Data provided Block Start
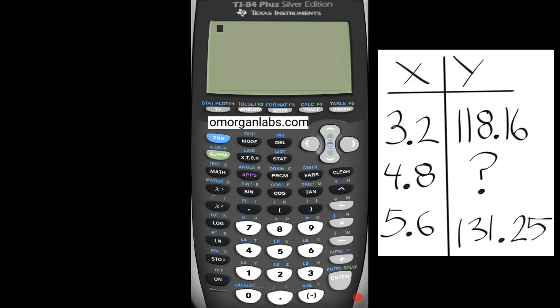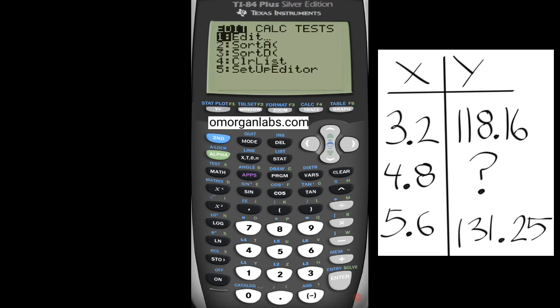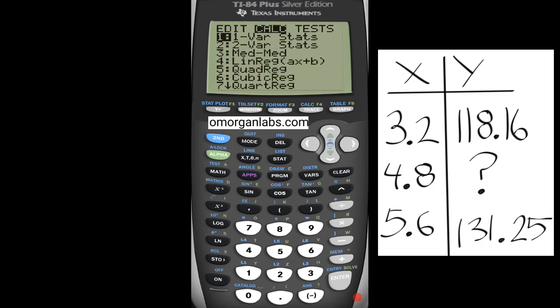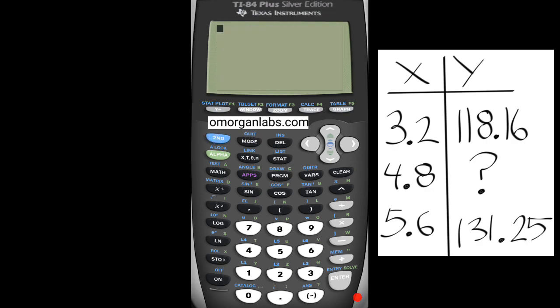Hello, this is O Morgan from omorganlabs.com. Today we're going to interpolate, just like we interpolated in the TI-85 video, but today we're going to use a program called inter85. It's going to be the exact same entries as the TI-85 — very simple, simpler than using stat calc linear regression and going through the menus. I'll show you the program.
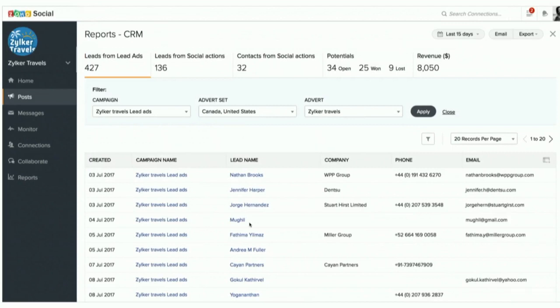These are the CRM reports I was talking about. You can pull out a report that tells you how many leads were generated, which network they came from, what social actions they performed, what the total potential you created from those networks was, and what revenue came out of it.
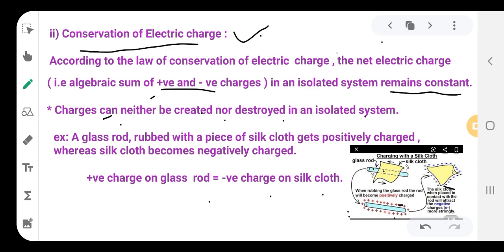The number of charges a substance loses equals the number of charges gained by another substance. Therefore, positive charge on the glass rod equals negative charge on the silk cloth. This is the conservation of charge — the net electric charge in an isolated system remains constant. Charges are transferred from one body to another, not created or destroyed.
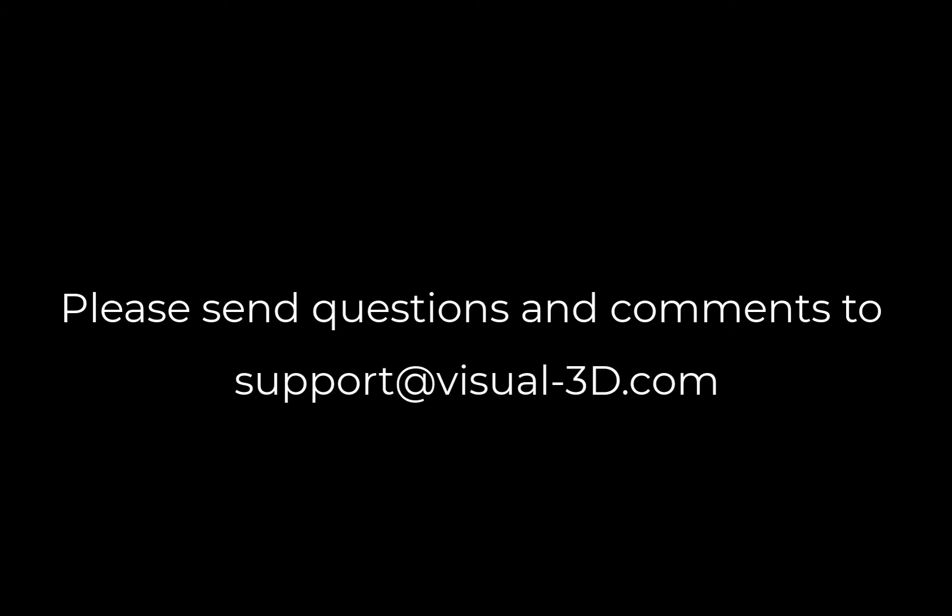This concludes this instructional video. Please send any questions or comments to the Visual Support Center at support at visual-3d.com.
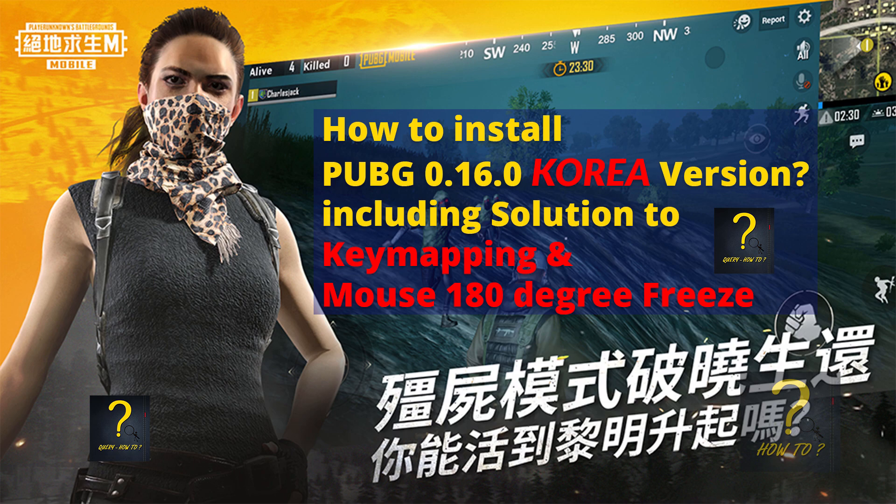In this video, I will show you how you can install PUBG Mobile 0.16.0 Korean version completely offline, including the solution of key mapping or mouse freeze. All you need is to download the APK file for PUBG Korea version and the offline files and you are good to go.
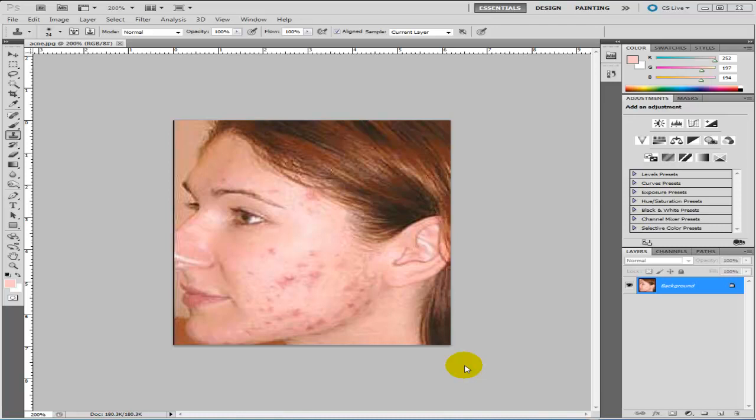Hi guys, MTS Tutorials here. In this video I'm just going to show you how to remove spots or acne off your face. It's really easy, I'm using Photoshop CS5.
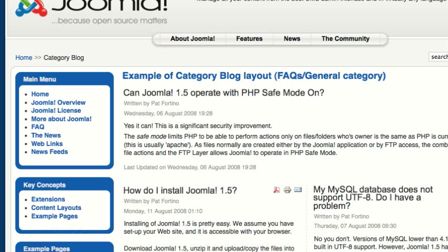This video is going to discuss how to set up a category blog layout in Joomla 1.5. A category blog layout displays all of the teasers for all of the articles that are in a specific category. In the default Joomla installation, we can see we have a category blog layout from the FAQ's general category.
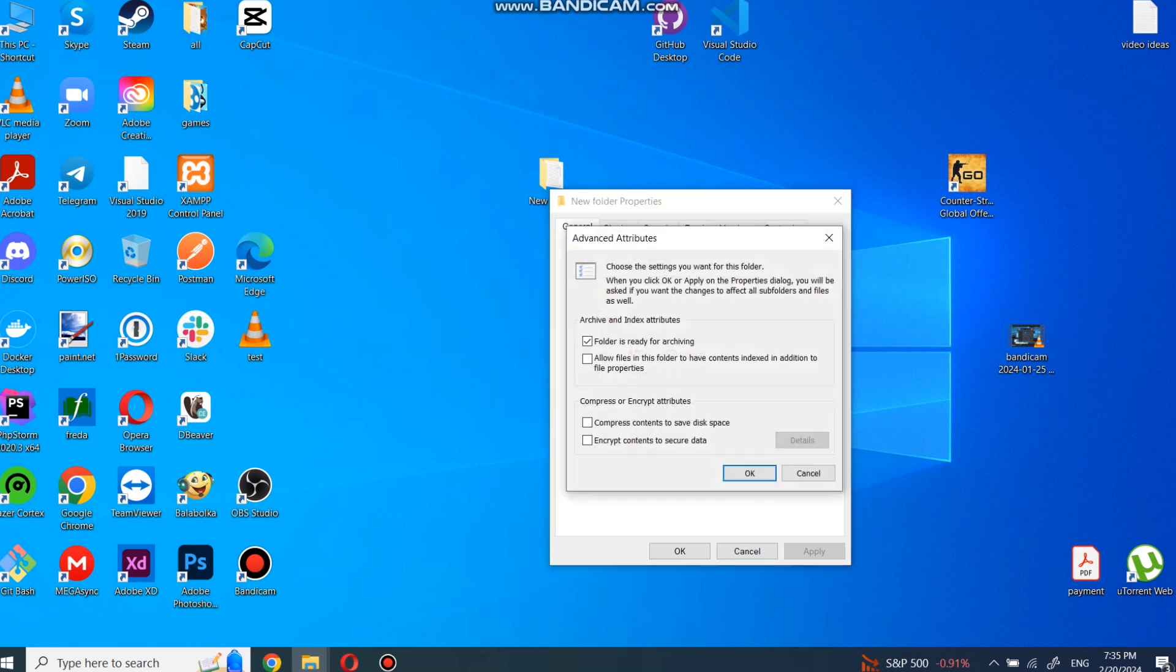And in advanced attributes, select encrypt contains to secure data. And click on OK.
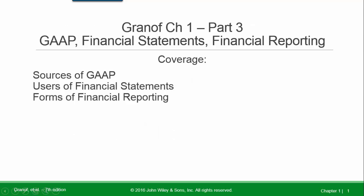Chapter 1, Part 3: GAAP Financial Statements and Financial Reporting. Our coverage includes sources of GAAP, users of financial statements, and forms of financial reporting.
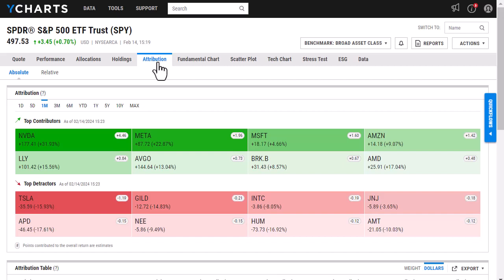The first attribution tab we have is absolute. This will be pretty straightforward. It is just going to take the weight of the holding and then multiply it by its return to get the data shown before you.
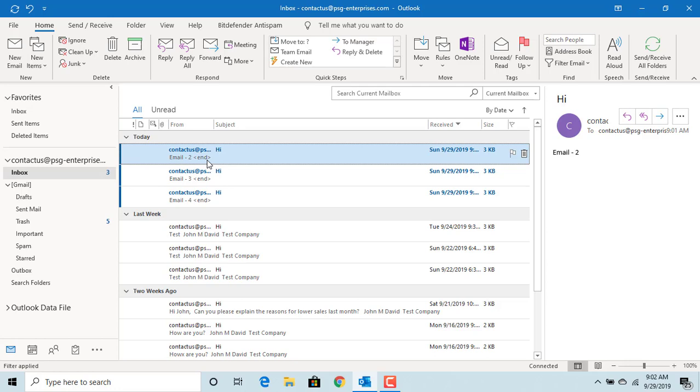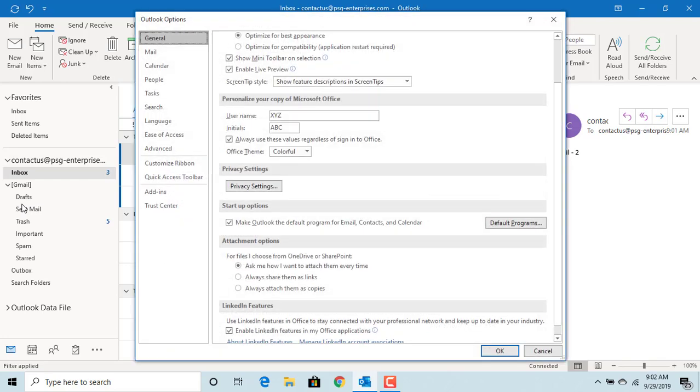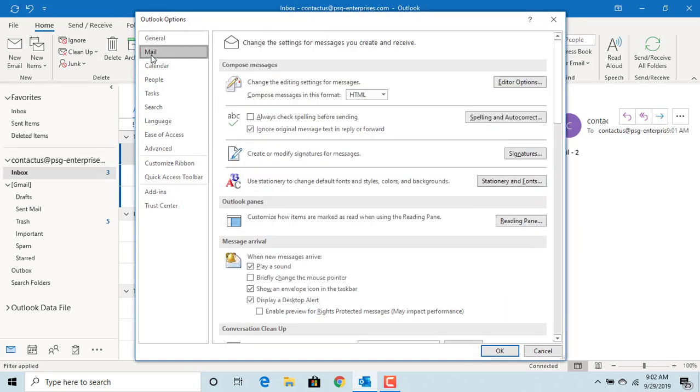To change the default, click on File, click on Options, click on Mail, scroll down to Other section.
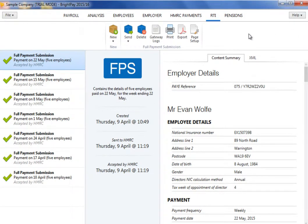In this tutorial, we will demonstrate how to process an employee leaving your employment. Since the introduction of RTI, employers are no longer required to submit a P45 to HMRC when an employee leaves. Instead, HMRC will be notified of an employee leaving in the last full payment submission you send for that employee. The employee's leave date must therefore be entered before their final pay period is finalized, so that the date of leaving can be included in the full payment submission in the period they are last being paid in.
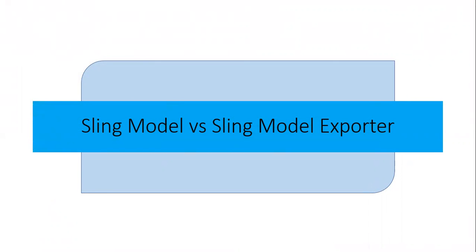Dear friends, in this video we will understand the relationship between sling model and sling model exporter.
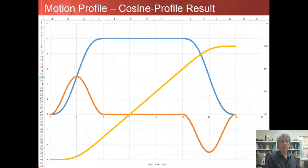The resulting motion profile is quite smooth and requires the same amount of time to accomplish the movement as the S profile with minimum jerk.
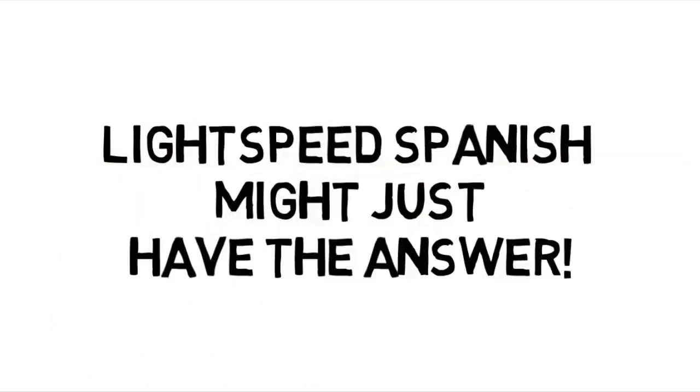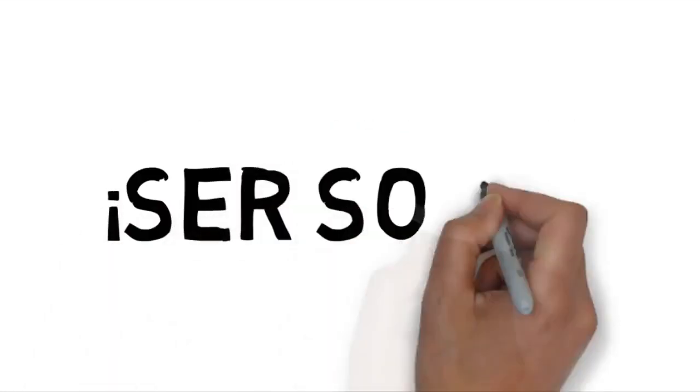Well, here at Lightspeed Spanish we may have the solution for you. And it's our Ser Social Membership Program.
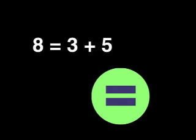In simple arithmetic statements like this one, the equal sign tells us what value is equal to an expression.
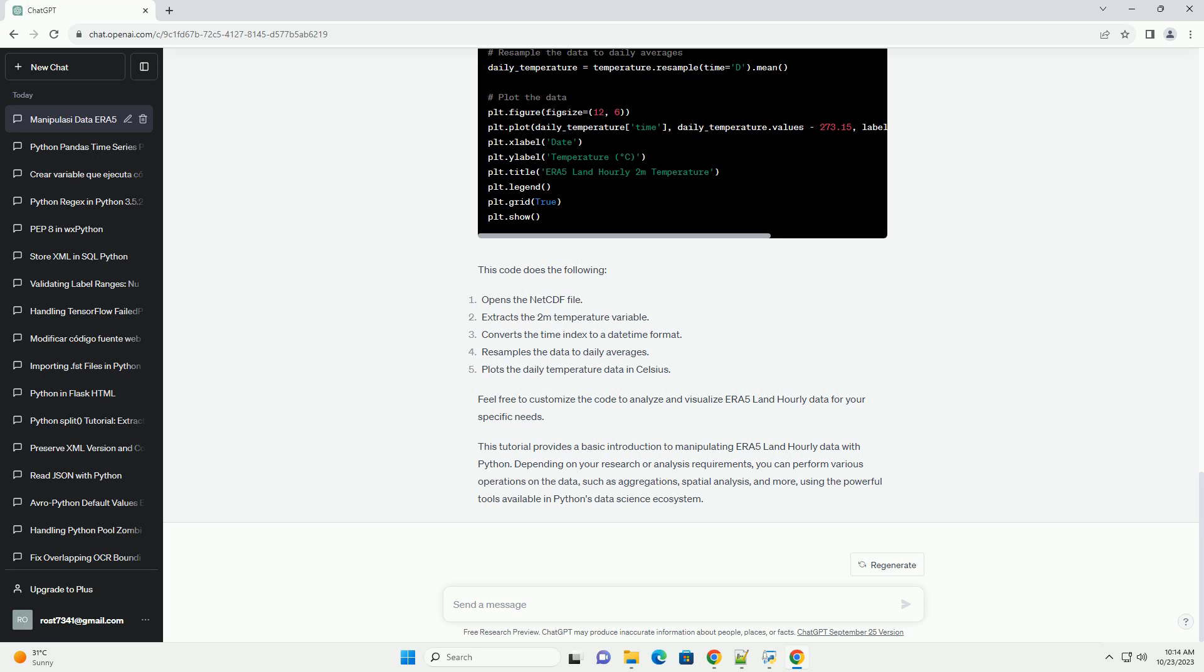This code does the following. Feel free to customize the code to analyze and visualize ERA 5 Land Hourly Data for your specific needs. This tutorial provides a basic introduction to manipulating ERA 5 Land Hourly Data with Python. Depending on your research or analysis requirements, you can perform various operations on the data, such as aggregations, spatial analysis, and more, using the powerful tools available in Python's data science ecosystem.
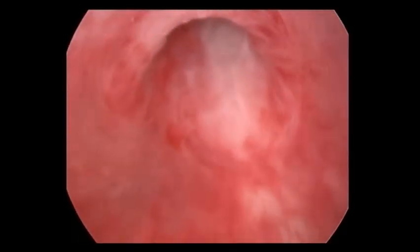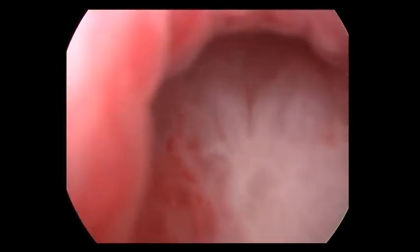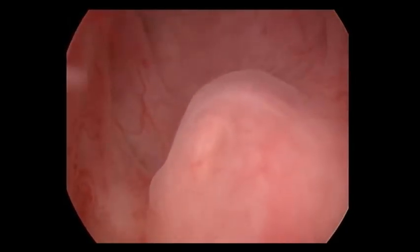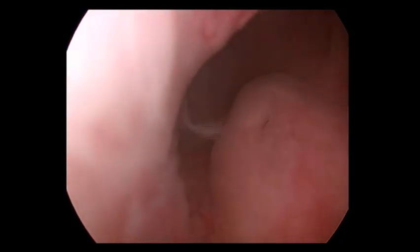This is the male urethra — the cystourethroscopic view. We are going inside without damaging the urethra. This is the verumontanum, with the opening of the ejaculatory duct clearly visible. The prostatic fossa with both right and left lobes is seen, and this is the bladder neck.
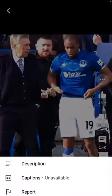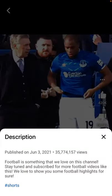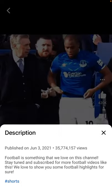Just tap on the three dots and tap on description. Here you will see when it was published and how many views it has — for example, 35,700,000 views, which is 35 million. You can also see the description and the hashtags.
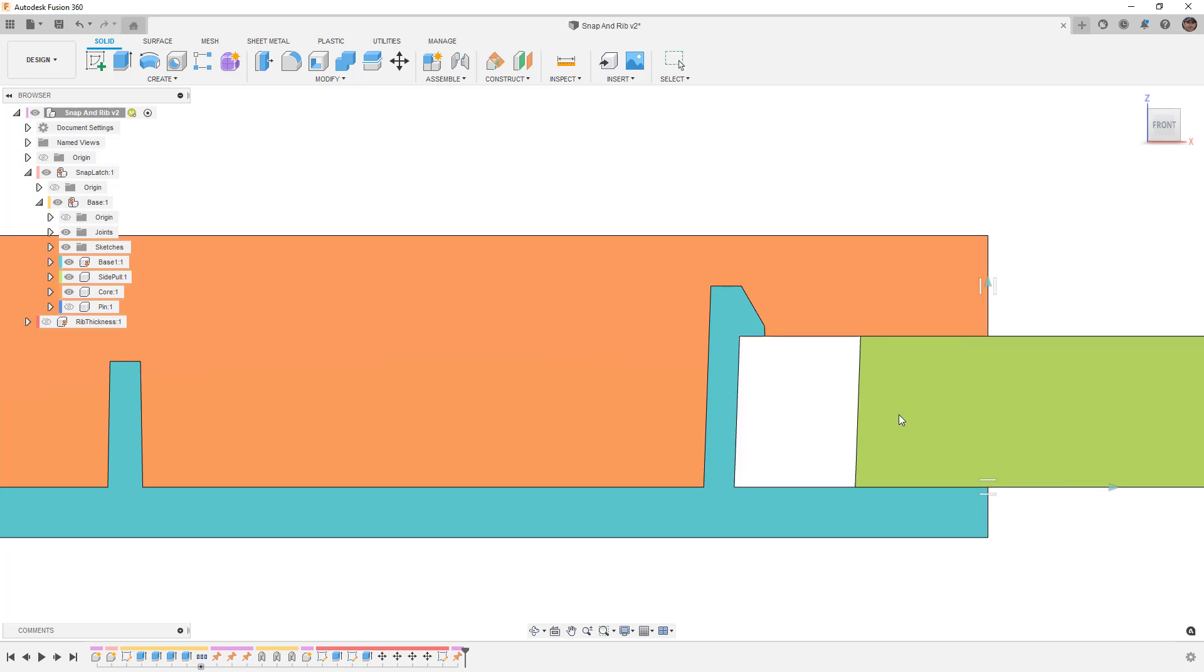It also sometimes means that we can't have any complex shapes on the end of those different side pulls.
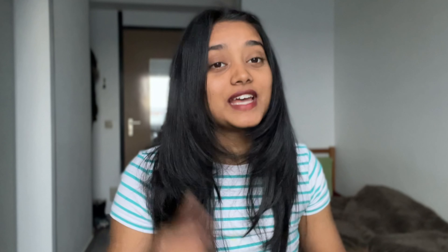I got my blocked account from Coracle back in 2022 when I was coming to Germany. I got their complete package — blocked account, health insurance, and free travel insurance. With Coracle, you have the right to choose from a variety of health insurance options. I chose TK insurance (Techniker Krankenkasse). A lot of students recommended TK insurance to me, and having used it for a year, I can definitely recommend it. I also like that Coracle has the easiest account opening steps.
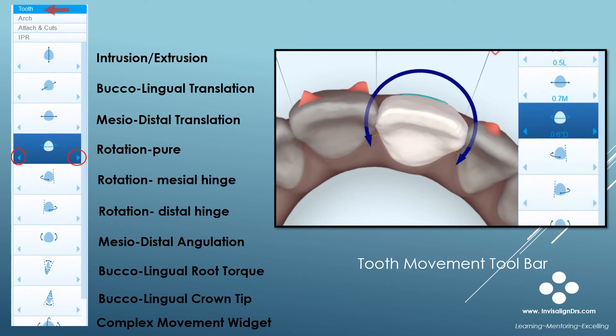The tooth interface allows you to view and modify all movements for any tooth. This slide shows the toolbar — I've added descriptions for each widget. You click on a tooth, and the change in movement values for that tooth will appear on the toolbar. In this example, I've clicked on tooth 9.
Data provided Block End
■ Required work ■
Within the entries above, give again exactly the lines starting at the one that contains "The first attribution" and ending at the one that contains "To change the", leaving out the pictures.

■ Problem solution ■
The first attribution tab we have is absolute. This will be pretty straightforward. It is just going to take the weight of the holding and then multiply it by its return to get the data shown before you.
To change the default, click on File, click on Options, click on Mail, scroll down to Other section.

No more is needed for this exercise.